US SEC recently charged INTECH Investment Management and its former chief operating officer David E. Hurley for violating the SEC's proxy voting rule for investment advisers by not sufficiently describing its proxy voting policies and procedures and failing to address a material potential conflict of interest.
The proxy voting rule requires registered investment advisers to adopt proxy voting policies and describe them to clients, including procedures to address material conflicts of interest that may arise between the adviser and its clients. The rule is designed to ensure that advisers vote proxies in their clients' best interests, and provide clients with information about how their proxies are voted. This is the first enforcement action taken by the SEC for a proxy voting rule violation.
INTECH managed institutional portfolios for pension plans, foundations, unions, public funds and public corporations. As part of its investment advisory services, INTECH exercised voting authority over many of its clients' securities or proxies. In connection with the proxy voting rule, which became effective 10 March 2003, INTECH adopted and implemented written proxy voting policies and procedures and provided them to its clients. Hurley reviewed and edited counsel's drafts of those policies and procedures.
SEC found that INTECH exercised voting authority over client securities without including in its policies and procedures how it would address material potential conflicts of interests. Specifically, INTECH chose a particular set of voting recommendations for all clients without addressing and describing in the policies and procedures its potential effect on INTECH's ability to retain and obtain business from a particular subset of its clients.
After receiving complaints from some of its union-affiliated clients about pro-management proxy votes, INTECH selected a third-party proxy voting service provider's guidelines to vote in accordance with AFL-CIO (Note) based proxy voting recommendations for all clients' securities.

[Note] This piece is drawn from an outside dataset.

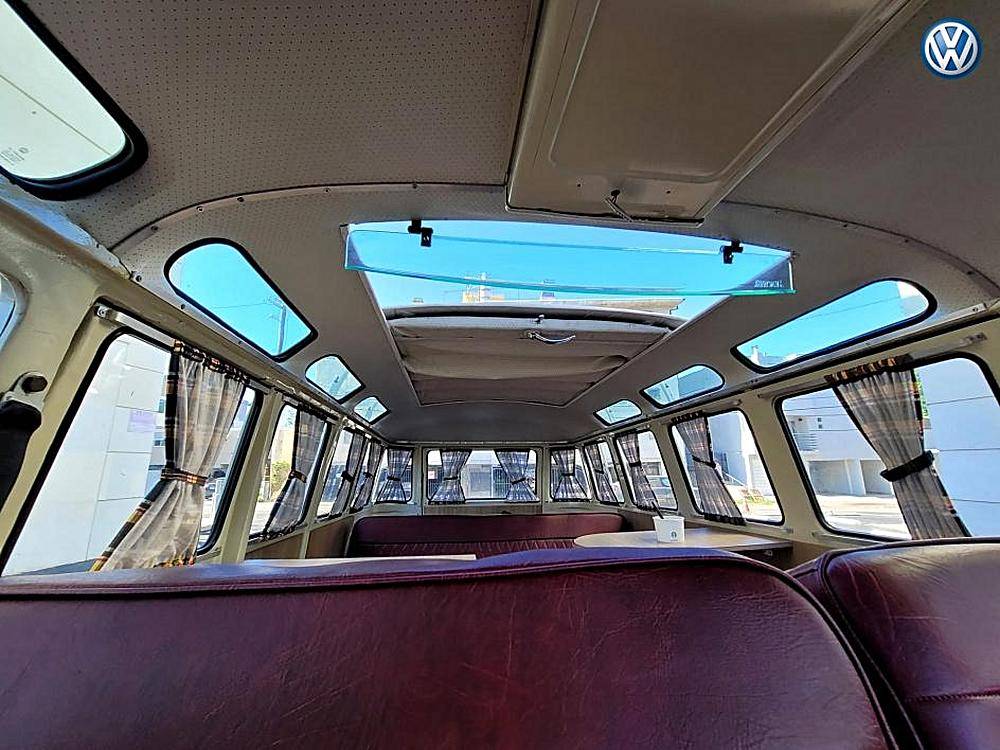 Volkswagen-Bus-23-window-1974-custom-160934-22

INTECH selected the guidelines that followed the AFL-CIO proxy voting recommendations at a time when it was participating in the annual AFL-CIO Key Votes Survey that ranked investment advisers based on their adherence to the AFL-CIO recommendations on certain votes.

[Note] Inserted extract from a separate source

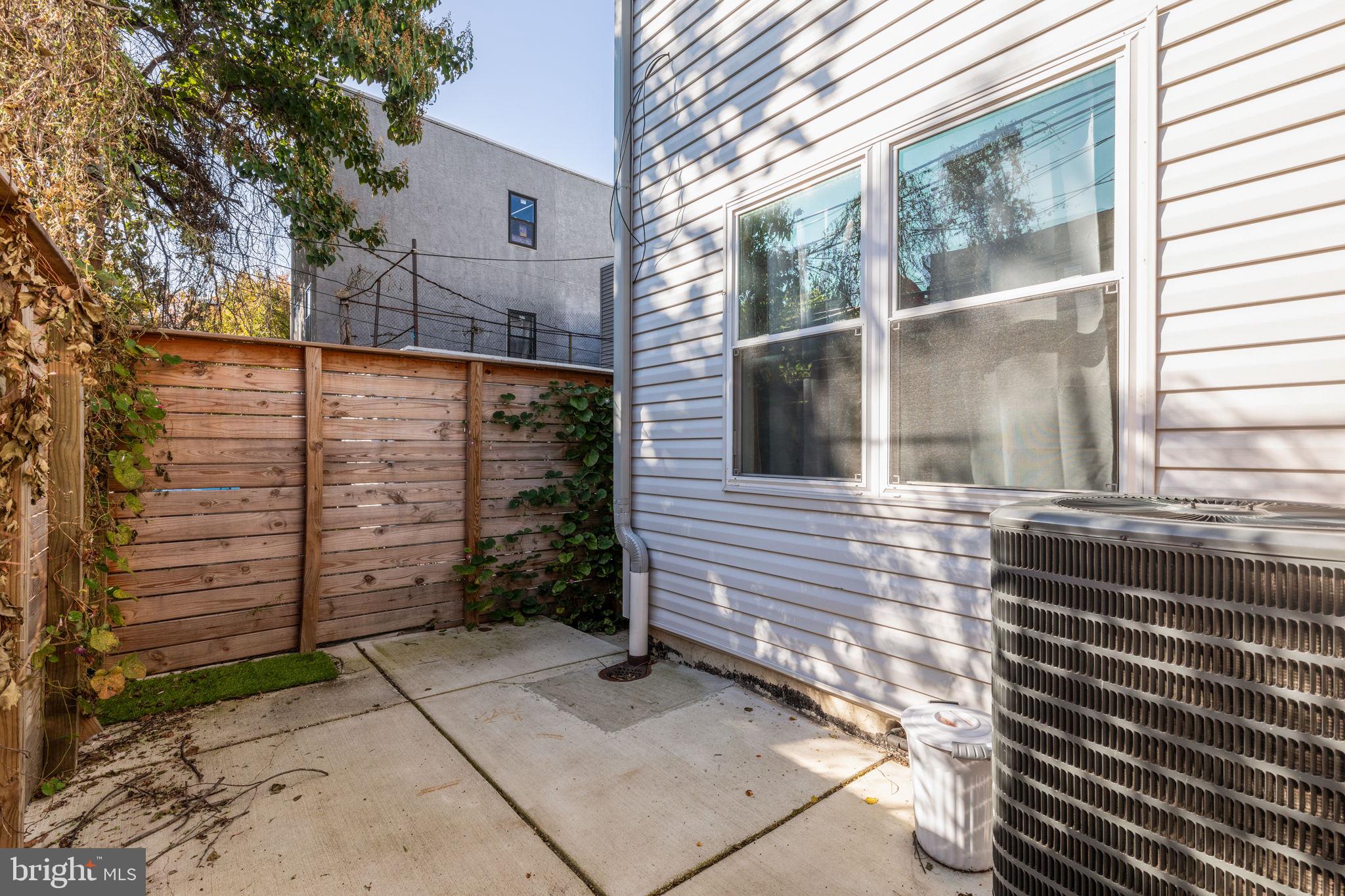 OLDE KENSINGTON - Residential Lease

When INTECH advised its clients about its proxy voting policies and procedures, it told clients that because it relied on a third-party proxy voting service, it did not expect that any conflicts would arise in the proxy voting process. Accordingly, INTECH's policies and procedures did not include how INTECH would address material potential conflicts of interests that may have arisen between its interests and those of its clients. INTECH also did not sufficiently describe its proxy voting policies and procedures to clients.
Without admitting or denying any of the findings, INTECH agreed to pay a penalty of US$300,000 and Hurley agreed to pay a US$50,000 penalty. In addition, SEC's order censures INTECH and Hurley and requires them to cease and desist from committing or causing any violations and any future violations.
Note: AFL-CIO stands for American Federation of Labor and Congress of Industrial Organizations, which is a national trade union center, the largest federation of unions in US, made up of 56 national and international unions (including Canadian), together representing more than 10 million workers.